Seeking legal advice early on can help you understand what you will need to help your claim be successful. Our experienced superannuation insurance lawyers have worked on thousands of claims and know how the system works.

Something people may not be aware of when starting a claims process is specific rules that can exist around medical treatment. These policies can have a big impact on the success and timeliness of your claim, so it’s important to understand how it works. 

What is a medical treatment clause?

Every policy is different, but a medical treatment clause defines what kind of treatment you are required to get under your insurance policy. This could be that you:

  • Have undergone all reasonable treatment recommended
  • Are under the care of a regular general practitioner
  • Are under the care of a specialist physician
  • Meet all of the above

Are medical treatment clauses common in insurance policies?

Medical treatment clauses started out in income protection policies, but in recent years have become industry standard in both Income Protection and Total and Permanent Disability Insurance definitions.  

Why do medical treatment clauses exist?

Insurers want to make sure anyone with an injury or illness takes all reasonable steps to get better and return to work, which in turn means the fewer payouts for the insurer. That’s why these clauses are now drafted so that the person claiming must prove that they satisfy the medical treatment requirements, rather than the insurer having to prove they don’t.  

Who is affected by medical treatment clauses?

The best way to prevent these clauses from impacting a successful claim is to seek and obtain medical care early, and on a regular ongoing basis.

However, that’s not always realistic or possible, especially in insidious mental health claims, where people may not seek medical help at all for months, or even years due to a lack of understanding, or embarrassment about their condition. 

It can also impact people who:

  • Cease work due to a variety of symptoms that takes a long time to diagnose.  For example, Chronic Fatigue Syndrome (CFS) or other autoimmune conditions
  • Cannot afford the treatment recommended, such as a specialist consultation or the treatment itself, such as a surgery or rehab outside of the public health system
  • Don’t wish to pursue the treatment recommended, for a range of reasons including religious belief or legitimate fear that a risky treatment will cause harm
  • Have their employment terminated for workplace misconduct or poor performance, only to have it recognised down the track that these problems were due to a then undiagnosed injury or illness.  

Are there ways to get around medical treatment clauses?

In some cases, we can prove with medical evidence that even if treatment had been sought earlier or a recommended treatment had been complied with, that it would not have caused enough of an improvement that the person was able to return to work.

An example is the case of Flegeltaub v Telstra Super Pty Ltd [2000] VSC 107.  Here the court was considered whether a man could have his disability pension cancelled on the grounds that he unreasonably refused a surgery which may have improved his work capacity.

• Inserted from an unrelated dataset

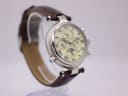 Another angled side view of Stauer watch on display stand, highlighting the strap attachment and pushers.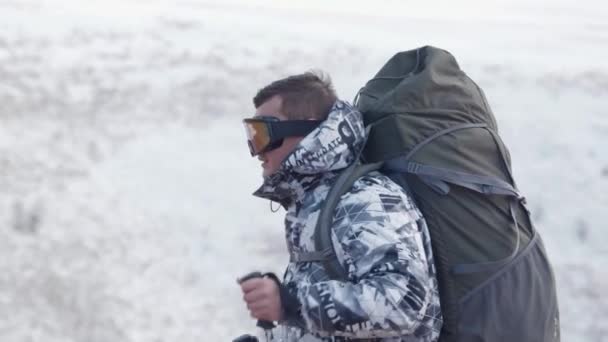 トレッキング ポールが観光と春の雪をかぶった山々 を背景に巨大なバックパック トップとポットからお茶を飲むを停止の位置に上昇します スローモーション — ストック動画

The court found that if “the man could only be cured by a treatment that was objectively reasonable but not actually available to him because of fear or other genuine reason, that a Tribunal would find that the man was permanently incapacitated for work under the Act.”

As for what constitutes reasonable medical treatment, although every matter depends on its own facts, the New South Wales Supreme Court has held that two to three visits to a doctor per year were sufficient for the claimant to be under the ‘regular care’ of his medical practitioner (Source: White v The National Mutual Life Association of Australasia Limited [2003] NSWSC 1209 at [128])

We’re here to help

If you have lodged a claim for TPD or Income Protection and are concerned that your medical treatment could be an issue, our experienced team are ready to help. We have run many claims for insurance and know how the system works. Contact us to find out what your legal options are. 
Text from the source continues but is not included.